Being poorer is an asset, not a drawback, at competing in things which most wealthy people dont find worth doing. It drives down your opportunity cost.

You didn’t pay attention to this stuff back in 2020? We discussed it extensively at the motte.

Pfizer execs didn’t have to “acknowledge” that they didn’t test for transmission reduction, it was quite obvious from the get go, based on the actual design of the clinical studies. This was never seen as a requirement for approval.

It sure would have been nice if vaccines stopped transmission, and many (including me) believed at the time that the vaccines will in fact do so. This turning out not to be the case was initially a big disappointment, and then, when they started doing forceful vaccination mandates when we already knew they don’t do shit for stopping transmission, was pushing me into white rage every time I thought about it. Nevertheless, the actual studies never tested that.

The reason was twofold: first, the higher priority was to figure out if there actually is reduction in symptoms and negative outcomes — this is what was meant by “efficacy”. Initial studies used for approval showed pretty huge risk reductions, on the order of 90% reduction in having observable Covid symptoms with positive tests. I don’t believe that anyone believes that the vaccines have this good efficacy at blocking symptoms today. I am not sure what is the reason for this discrepancy. Maybe it’s because the vaccines were targeting original variant, and the virus evolved to be much better at spreading. Maybe the elevated response from vaccine lasts for very short time, couple of months at most. I don’t know, stopped paying attention at Covid science altogether somewhere in the middle of 2021, when I realized that the science and the truth were mostly irrelevant for the policies and narratives.

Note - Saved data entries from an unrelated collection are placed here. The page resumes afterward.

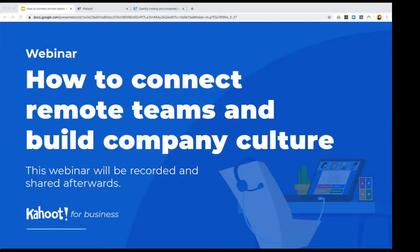Good morning everyone and welcome to the webinar on how to connect remote teams and build company culture. This webinar will be recorded and we will share it afterwards, so throughout the week you will be able to get an email and then watch the recording.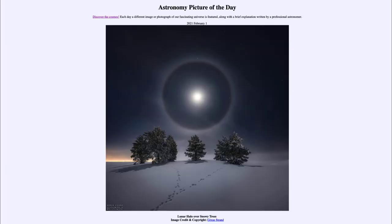Greetings and welcome to the introduction to astronomy. One of the things I like to do in each of my introductory astronomy classes is to begin the class with the astronomy picture of the day from the NASA website — that is apod.nasa.gov/apod. Today's picture for February 1st, 2021 is titled 'Lunar Halo Over Snowy Trees.'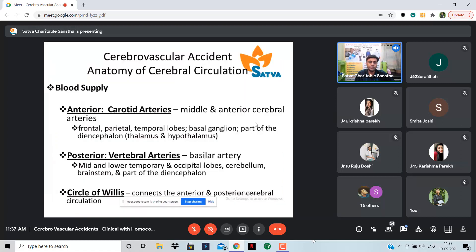The anterior circulation of the brain is supplied by the carotid arteries, especially the internal carotid artery, which gives rise to the middle and anterior cerebral arteries, supplying the majority of the frontal area, parietal area, temporal lobes, basal ganglia, and part of the thalamus and hypothalamus. The posterior circulation is supplied by the vertebral arteries, which form the basilar artery, supplying the occipital lobes, cerebellum, brain stem, and other parts of the thalamus and hypothalamus.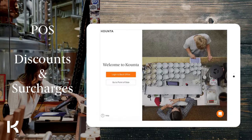Welcome back. In this video we are going to explore the different ways to change the price for a product or a whole order.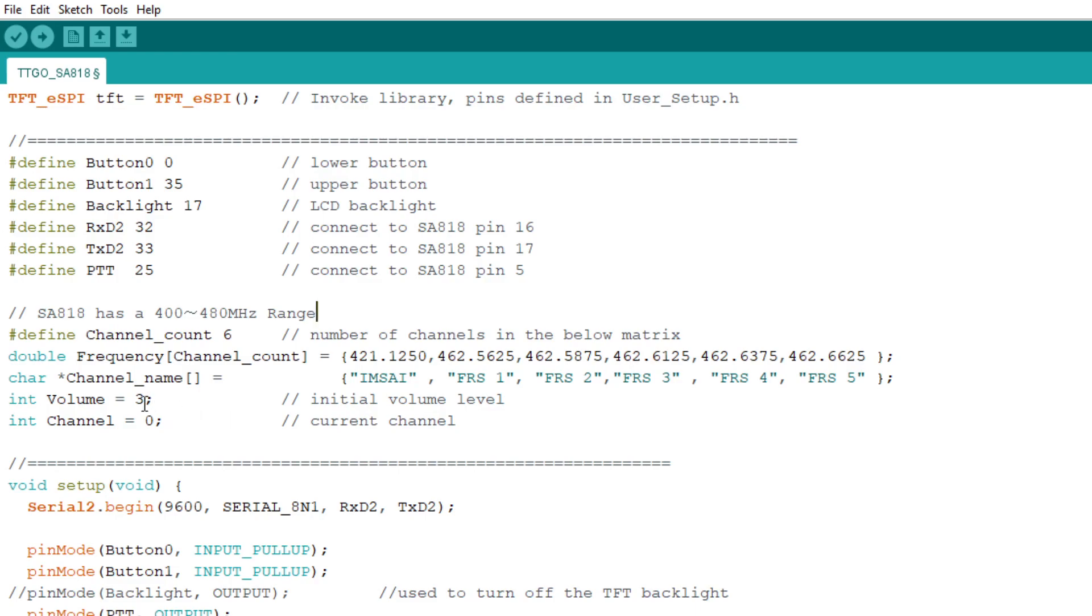And if we hit the top button here, we are going to increment the channel. We'll go to the next channel. If we go off the top, we go back to zero. So that lets you go around and around and around. And then we will set the frequency to the new channel that we've set. And that's it. That's all there is to this whole program.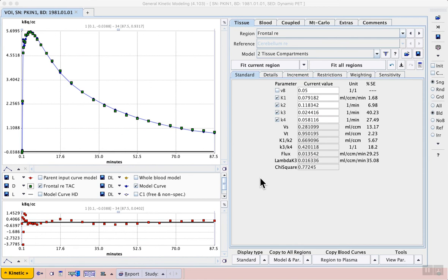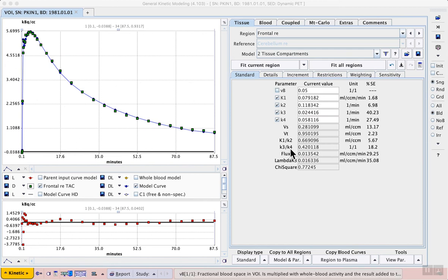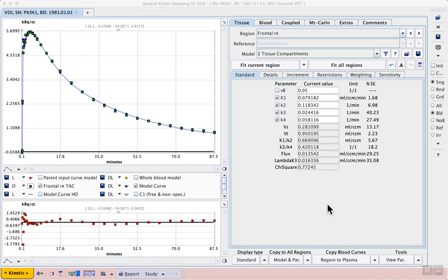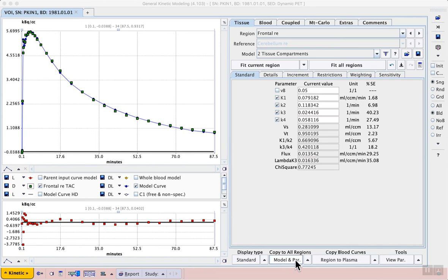Now that we have tested our model in one representative region we want to copy the model and the starting parameters to all of the other regions before fitting them as well.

Second, it is actually pretty hard to design a study that measures efficacy at stopping transmission with any good degree of confidence that would be approved by IRB, a notoriously NIMLY (Not In My LaboratorY) bodies. Useful studies are “””unethical””” to run, so we’ll let the virus spread to billions and kill millions without trying to understand how it does so through direct experiment, instead we collectively decided to just watch its shadows on the cave’s wall.

Yes, I agree with you that most of the covid restriction have made very little sense at best, and starting from somewhere in 2021, they were basically a lunacy. But, dude, Covid is so last year, we already litigated this here to death, there is probably nothing new you can say here on this topic that hasn’t been already said last year by others. At this point, I’m so over it that I’m actually puzzled when someone around me even brings up Covid unironically. I will never trust the “””experts””” on this, or any other topic that actually matters to the society ever again, but, again, I already said it last year as well. It’s over, current thing is different now.

In late 2020, I believed the same thing as your friend, that vaccines will stop transmission. It was very reasonable belief at the time, especially given the vaccine trial data. Had it actually been true, vaccine mandates would have made much more sense, and I wouldn’t have had minded them. Too bad it turned out false.

Of course they force me to work. Without income taxes, I’d be already retired, instead, I have to work for couple more years.